[TASK PROMPT] Repeat the whole listing below exactly as it reads.

----- DATA SECTION

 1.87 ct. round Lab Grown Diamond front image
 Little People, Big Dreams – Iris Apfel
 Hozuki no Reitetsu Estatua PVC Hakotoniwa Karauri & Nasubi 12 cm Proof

----------

[EXERCISE RESULT]
 1.87 ct. round Lab Grown Diamond front image
 Little People, Big Dreams – Iris Apfel
 Hozuki no Reitetsu Estatua PVC Hakotoniwa Karauri & Nasubi 12 cm Proof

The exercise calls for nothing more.